Logic suggests that those holding Arad since contact was lost with him early in the last decade saw no point in keeping him alive so many years. But Israel is supposed to insist and not give up until a body is found and brought back. If Nasrallah is unable to provide the answers, Israel must go to the source, to Iran, and focus on the chiefs of intelligence and the Revolutionary Guard, where the secret is kept. It is not doing so, fearing a large-scale war. This is a weighty consideration, which rightfully should be considered, but it does not permit pretending to be naive and saying that everything is being done and there is no way to resolve the riddle. There is a way, but a decision was made that the cost of taking that path was too high.

This is also the case for the fallen who preceded Arad. Two weeks ago the annual memorial for the intelligence community's fallen was held at the Glilot base. Among those there were, as usual, the chief of staff and the heads of the Mossad, Shin Bet and Military Intelligence, the same people who participated in Sunday's cabinet meeting and were divided in their stance on the swap with Hezbollah. At the event was the only person in Israel who can overcome the powerful Mossad chief, Meir Dagan: the base's sergeant major, who ordered Dagan and his security detail to freeze until the honor guard completed its maneuvers.

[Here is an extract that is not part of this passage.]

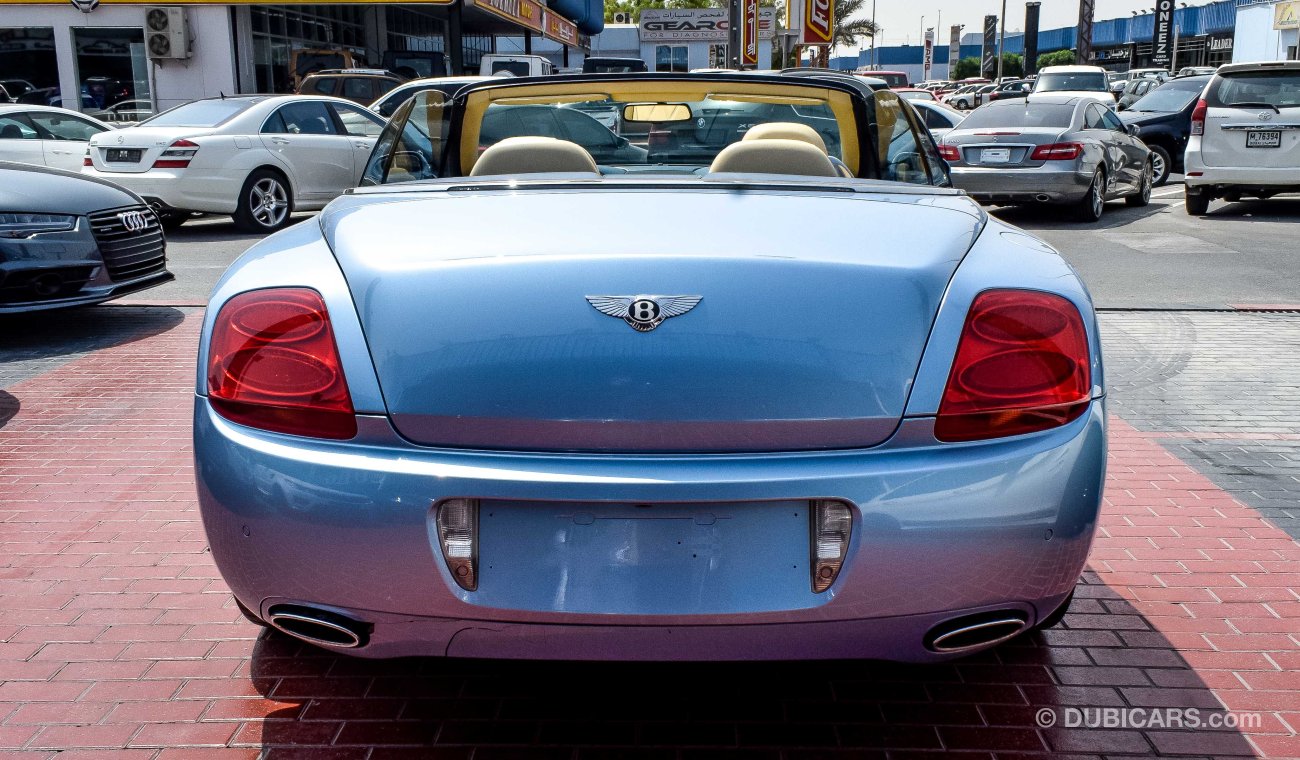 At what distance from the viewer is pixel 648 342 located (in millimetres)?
2172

Among the many hundreds of dead intelligence operatives, whose photographs were shown on screen, was Lt. Colonel Eli Cohen, the spy executed in Damascus. Syria has refused for the past four decades to return his remains to Israel. Deputy Defense Minister Matan Vilnai promised yet another attempt at negotiating with Syria, but the effort is not a condition, and the Cohen family is further from the public's consciousness than the families of Goldwasser, Regev, Shalit and Arad. Ashkenazi was also not heard going to great lengths in Cohen's case.

To restore the credibility of its deterrence, Israel must declare that it will strike, without mercy, the entire chain of command of the groups that carry out abductions. To declare and carry out the threat, even if it means that the cabinet, which dispatches others to endanger their lives and freedom, finds itself in the crosshairs of terrorists.